The tradition, in the US and nearly everywhere else, of forcing males to fight in the military (or, more recently, to register in the reasonable expectation that one day they might be forced to fight), must in my view be seen as a glaring and discriminatory violation of human rights. As Warren Farrell argues in his much-maligned but valuable book, The Myth of Male Power: "Registering all our 18-year-old sons for the draft in the event the country needs more soldiers is as sexist as registering all our 18-year-old daughters for child-bearing in the event the country needs more children. ... An Equal Life Amendment would acknowledge male-only draft registration as slave registration." He rightly calls such registration policies and "combat requirements ... the most unconstitutional laws in America ... a breach of [Americans'] most inalienable right: the right to life" (Farrell 1993: 130, 136, 366).

Men and minorities

A typical definition of a social minority within a nation-state is a group whose members share the following:

1. the experience of a pattern of disadvantage or inequality;
2. a visible distinguishing trait or characteristic (hence the term "visible minorities");
3. a "community of consciousness"; [395]
4. an ascribed status at birth;
5. a tendency for endogamy.(26)

Focusing especially on the first and crucial requirement,(27) it is easy to see why women have frequently been defined, if not as a minority, then as a group that deserves mention in the same breath as minorities. Indeed, the term "women and minority/minorities" has become a veritable touchstone of human- and civil-rights discourse -- almost as familiar to us by now as "women and children."(28) Sometimes the term "minority" is qualified by the adjective "underrepresented," indicating another critical point of comparison and common experience between women and minority groups: their lower degree of representation in many of the institutions that are viewed as exerting the greatest power and influence in society (government, big business, universities and research institutions, the military, etc.). At the same time, women and minorities may be overrepresented in certain groups that carry connotations of disadvantage and disempowerment -- such as the unemployed, the undereducated or the sexually abused.

The phrase "men and minorities," at first glance, seems paradoxical. After all, the combination of visible distinguishing traits and patterns of disadvantage, by which the concept of women-and-minorities came into being, relies upon the definition of an in-group, contrasted with which out-groups are disadvantaged or marginalized. And if "women and minorities" are removed from the demographic equation, only one group remains: majority men.(29) Certainly, members of this group are dramatically overrepresented in most of the key power institutions of society, already cited. How, then, can a case be made for a minoritarian framing of men and the male experience in the United States?

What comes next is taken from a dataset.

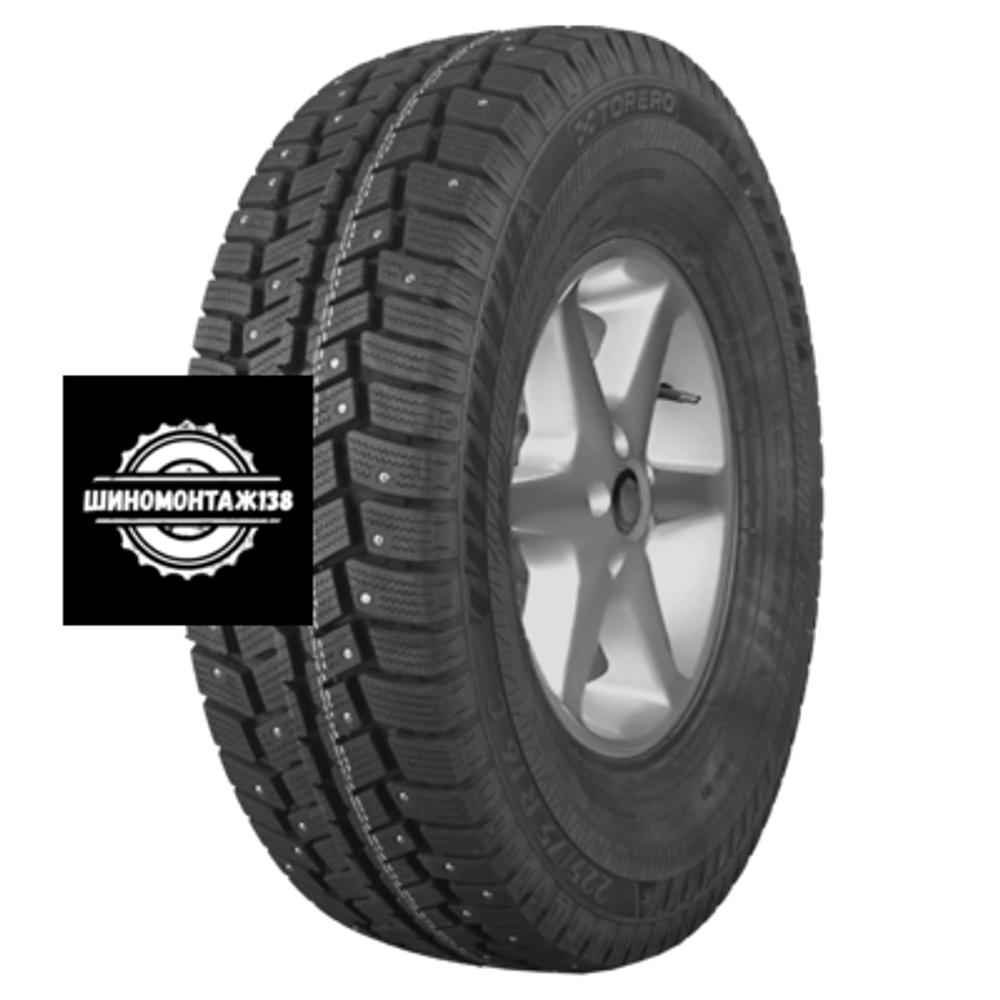 215/75R16C 113/111R MPS500 TL (шип.)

The first point to be made is that "women" is hardly an undifferentiated category: enormous disparities of wealth and power separate a minority of women not only from the majority of women, but from the majority of minority members. Not only are most majority-group women better off than most minority men (and women), but women from both majority and minority groups standardly surpass minority (and sometimes majority) males in key categories, such as life expectancy and educational accomplishment. If, in other words, the equation of "women and minorities" is acceptable despite these differentials of power, wealth and health, it is possible that the concept of "men and minorities" is valid, in spite of the disproportionate power wielded in most areas by a minority of majority-group males.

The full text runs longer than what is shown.